Your task: Your copy should start at the line with "Hi y'all, I'm" and end at the line with "Members of the" in the data below. Transcribe only those lines, exactly, pictures excluded.

Data for processing:

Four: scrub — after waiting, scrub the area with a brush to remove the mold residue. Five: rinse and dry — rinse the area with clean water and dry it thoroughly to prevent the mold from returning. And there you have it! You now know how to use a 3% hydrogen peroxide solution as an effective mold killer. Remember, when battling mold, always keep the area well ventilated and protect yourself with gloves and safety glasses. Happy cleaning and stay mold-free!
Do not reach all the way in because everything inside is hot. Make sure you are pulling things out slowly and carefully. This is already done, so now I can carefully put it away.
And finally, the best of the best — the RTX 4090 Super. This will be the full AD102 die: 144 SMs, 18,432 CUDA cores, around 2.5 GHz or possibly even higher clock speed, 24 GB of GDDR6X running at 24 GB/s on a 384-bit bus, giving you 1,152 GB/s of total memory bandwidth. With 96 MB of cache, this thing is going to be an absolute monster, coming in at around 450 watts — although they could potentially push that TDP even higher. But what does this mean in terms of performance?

---

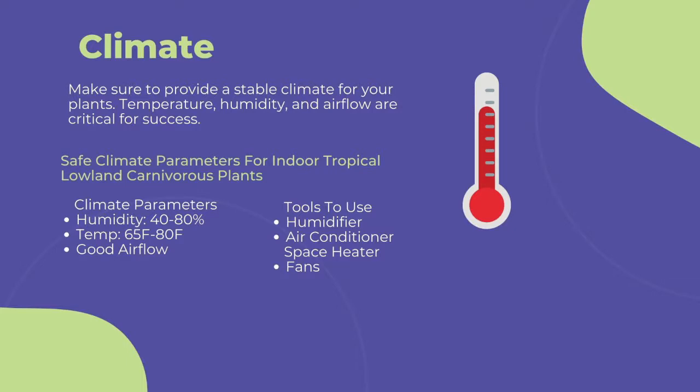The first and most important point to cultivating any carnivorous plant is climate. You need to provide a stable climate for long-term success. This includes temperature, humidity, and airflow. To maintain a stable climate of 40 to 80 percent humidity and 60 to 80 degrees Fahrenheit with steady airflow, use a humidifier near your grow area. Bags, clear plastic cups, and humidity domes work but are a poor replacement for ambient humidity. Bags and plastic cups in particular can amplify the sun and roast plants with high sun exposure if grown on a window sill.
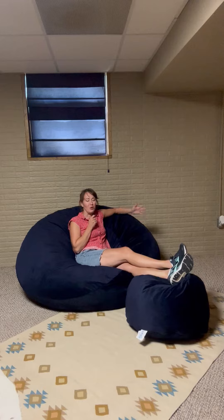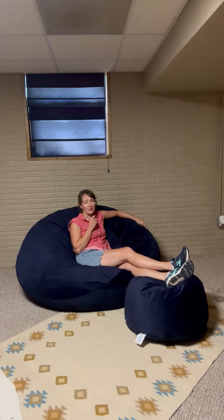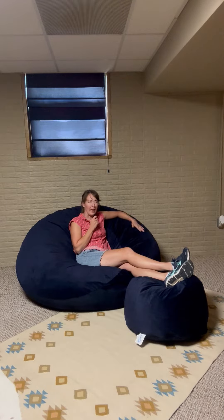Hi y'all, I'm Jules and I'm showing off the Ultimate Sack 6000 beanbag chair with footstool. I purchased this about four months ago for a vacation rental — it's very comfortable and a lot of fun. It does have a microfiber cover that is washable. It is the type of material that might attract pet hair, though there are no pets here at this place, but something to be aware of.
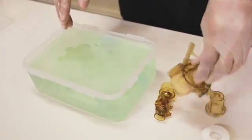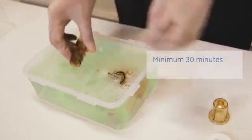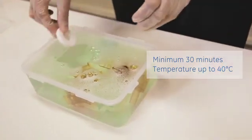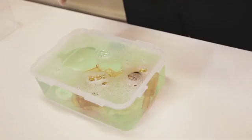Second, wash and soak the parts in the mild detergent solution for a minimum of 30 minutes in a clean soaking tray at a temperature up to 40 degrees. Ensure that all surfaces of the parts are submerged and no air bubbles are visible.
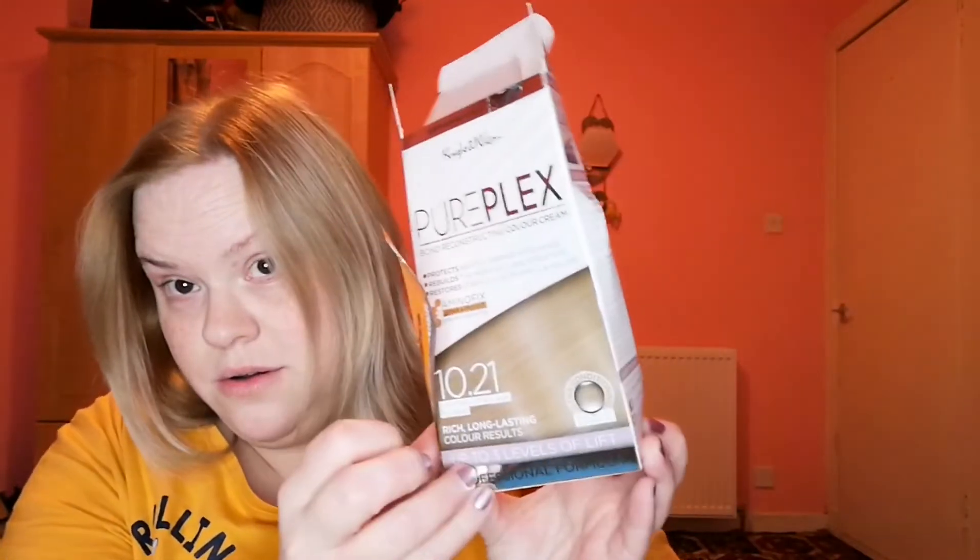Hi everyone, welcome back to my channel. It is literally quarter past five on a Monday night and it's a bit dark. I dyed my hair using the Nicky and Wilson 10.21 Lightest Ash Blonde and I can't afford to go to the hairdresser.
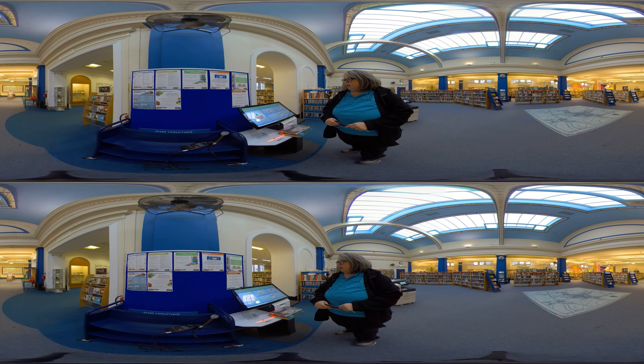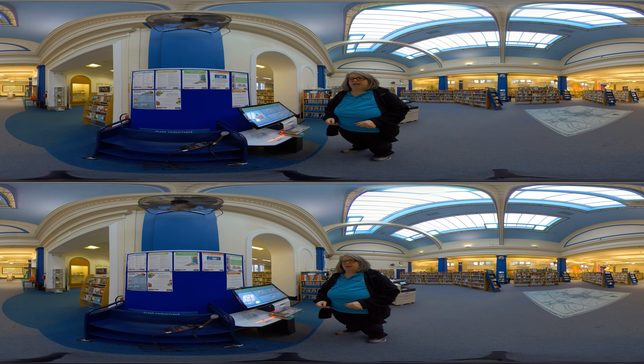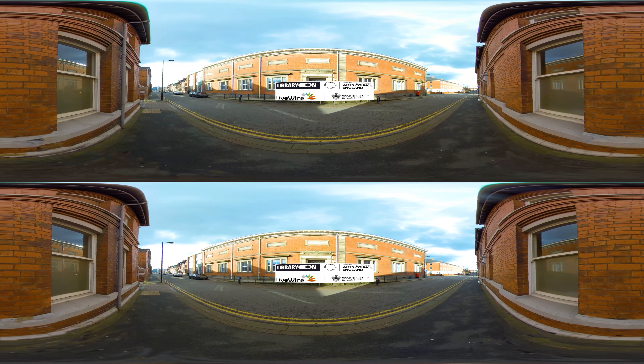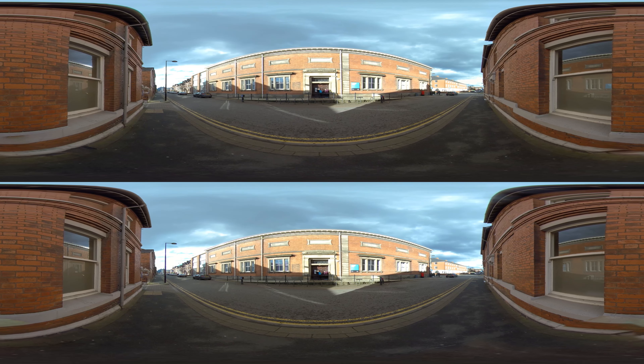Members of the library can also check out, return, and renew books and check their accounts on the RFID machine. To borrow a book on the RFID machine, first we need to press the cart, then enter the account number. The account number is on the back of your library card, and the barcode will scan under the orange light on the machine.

Response area:
Hi y'all, I'm Jules and I'm showing off the Ultimate Sack 6000 beanbag chair with footstool. I purchased this about four months ago for a vacation rental — it's very comfortable and a lot of fun. It does have a microfiber cover that is washable. It is the type of material that might attract pet hair, though there are no pets here at this place, but something to be aware of.
Second, wash and soak the parts in the mild detergent solution for a minimum of 30 minutes in a clean soaking tray at a temperature up to 40 degrees. Ensure that all surfaces of the parts are submerged and no air bubbles are visible.
Hi everyone, welcome back to my channel. It is literally quarter past five on a Monday night and it's a bit dark. I dyed my hair using the Nicky and Wilson 10.21 Lightest Ash Blonde and I can't afford to go to the hairdresser.
Members of the library can also check out, return, and renew books and check their accounts on the RFID machine. To borrow a book on the RFID machine, first we need to press the cart, then enter the account number. The account number is on the back of your library card, and the barcode will scan under the orange light on the machine.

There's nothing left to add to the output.